Ya lo sabía : el gobierno tiene como política hacer pruebas sólo a casos graves con síntomas  del coronavirus. Así que me fui. Al día siguiente, después de pagar 250 dólares por una prueba en el Hospital Español y ya con el bolsillo alicaído, me entregué al INR con una mueca dramática.

Desenlace

Cuenta la leyenda que una mujer cansada de que las enfermeras del INR no respondieran a sus llamados cada vez que usaba el genérico « señorita », decidió ponerles un nombre: Chabelita. Y cada vez que necesitaba su atención las llamaba así por igual.

Todo esto me lo contaron dos chabelitas entre risas cómplices cuando intentaban sacarme sangre de los pies porque los médicos de guardia me vendaron los brazos antes de tomar las muestras de sangre.

Con el paso de los días descubrí que su charla era para distraerme por su falta de pericia, para extraer la cantidad de líquido requerido antes de que coagulara. Cuando estaban en el octavo intento y la aguja se debatía entre los metatarsos, cuboides y mis protestas, Karlita me mandó un mensaje de WhatsApp.

« Cuando puedas habla a Ecobici: tiene un seguro de accidentes »

Fue entonces cuando caí en cuenta que el INR cobra materiales y días de hospitalización aunque es público. También que la trabajadora social condicionó mi ingreso a un costo aproximado de 2,500 dólares : « las placas metálicas que necesitas en las muñecas es lo más caro », dijo.

El recordatorio de Karla me volvió el alma a la vida junto con la fe en la amistad porque en medio de la pandemia y sus respectivos riesgos, Olimpia, sin ser de mi familia, se ofreció a cuidarme por las noches; Rubén y Toño, otras.

Con su compañía soporté las hostilidades de las Chabelitas que impedían a los familiares recostarse en las camillas vacías, encender la televisión, conectar el celular al tomacorriente y otros desplantes opuestos al personal médico más condescendiente en el trato y la atención.

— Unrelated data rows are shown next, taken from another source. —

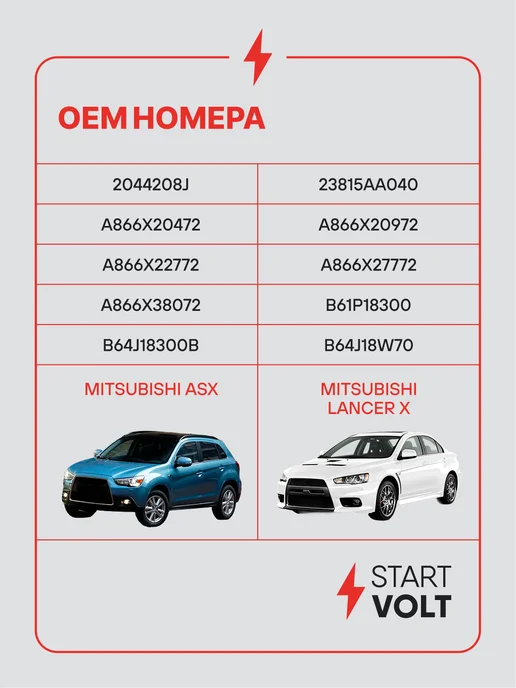 STARTVOLT Регулятор напряжения генератора Mitsubishi ASX Lancer X, вариант, фото 2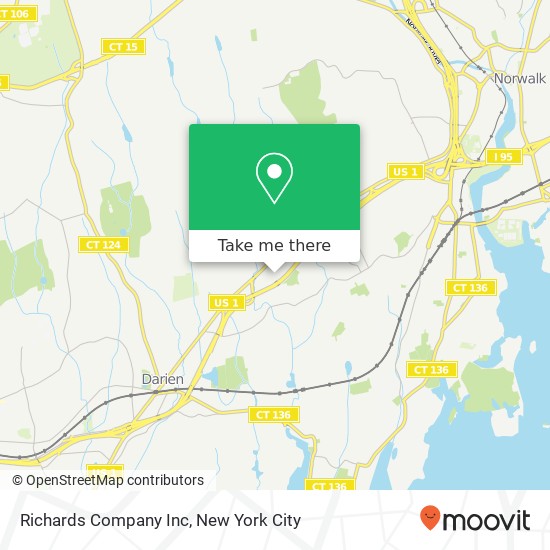Richards Company Inc map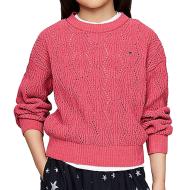 Pull Rose Fille Tommy Hilfiger Chenille pas cher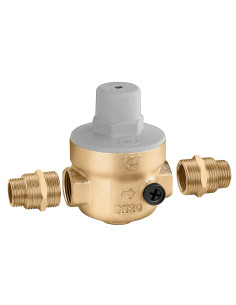 Caleffi 539250 Riduttore di pressione con doppio attacco manometro 1/2 - 3/4"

El día de la cirugía, el personal médico se esperó tanto en la reconstrucción de las astillas durante cuatro horas que, hoy por hoy, a sólo dos semanas, y puedo escribir en la computadora como terapia ocupacional y hacer casi todo por mi cuenta, excepto cargar objetos pesados.

La amenaza del coronavirus siempre estuvo presente porque si bien piden prueba a los pacientes, no a los acompañantes, pero, ¿qué se le va a hacer sino sortearlo cuando tienes un accidente?

Después de unos días de mi alta llamé a Ecobici por el tema del seguro : « sí, le vamos a reembolsar », confirmaron al salir de una consulta de rehabilitación en el INR que cuesta alrededor de cuatro dólares. Menos mal.